▶ _PROBLEM_:
From the line with "Morris & Co" through the line with "Ford Transit 2.4 tdci", inclusive, return each line of the data below exactly and leave the rest out.

Short text fragments from websites
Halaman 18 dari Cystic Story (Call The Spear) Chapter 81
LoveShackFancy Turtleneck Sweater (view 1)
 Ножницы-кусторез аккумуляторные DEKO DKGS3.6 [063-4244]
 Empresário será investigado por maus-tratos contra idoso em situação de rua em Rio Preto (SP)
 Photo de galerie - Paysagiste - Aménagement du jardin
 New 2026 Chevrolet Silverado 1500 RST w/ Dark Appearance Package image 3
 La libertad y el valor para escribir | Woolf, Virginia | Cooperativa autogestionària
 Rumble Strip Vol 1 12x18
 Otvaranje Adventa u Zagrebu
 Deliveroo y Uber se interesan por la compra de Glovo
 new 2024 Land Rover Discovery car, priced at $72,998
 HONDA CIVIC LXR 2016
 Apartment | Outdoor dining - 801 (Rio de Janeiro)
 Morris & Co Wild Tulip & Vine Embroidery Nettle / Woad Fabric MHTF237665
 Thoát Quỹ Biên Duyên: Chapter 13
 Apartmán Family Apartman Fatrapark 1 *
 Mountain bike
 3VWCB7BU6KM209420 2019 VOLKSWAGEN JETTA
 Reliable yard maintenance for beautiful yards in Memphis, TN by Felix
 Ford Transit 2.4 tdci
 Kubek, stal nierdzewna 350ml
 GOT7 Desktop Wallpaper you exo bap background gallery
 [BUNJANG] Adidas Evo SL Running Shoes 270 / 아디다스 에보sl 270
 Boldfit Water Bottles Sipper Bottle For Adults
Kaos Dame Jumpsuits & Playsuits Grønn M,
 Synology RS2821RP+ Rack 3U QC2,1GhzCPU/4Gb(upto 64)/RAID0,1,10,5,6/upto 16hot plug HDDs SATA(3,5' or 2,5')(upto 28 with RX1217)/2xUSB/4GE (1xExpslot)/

▶ _RESULT FOR THIS TASK_:
 Morris & Co Wild Tulip & Vine Embroidery Nettle / Woad Fabric MHTF237665
 Thoát Quỹ Biên Duyên: Chapter 13
 Apartmán Family Apartman Fatrapark 1 *
 Mountain bike
 3VWCB7BU6KM209420 2019 VOLKSWAGEN JETTA
 Reliable yard maintenance for beautiful yards in Memphis, TN by Felix
 Ford Transit 2.4 tdci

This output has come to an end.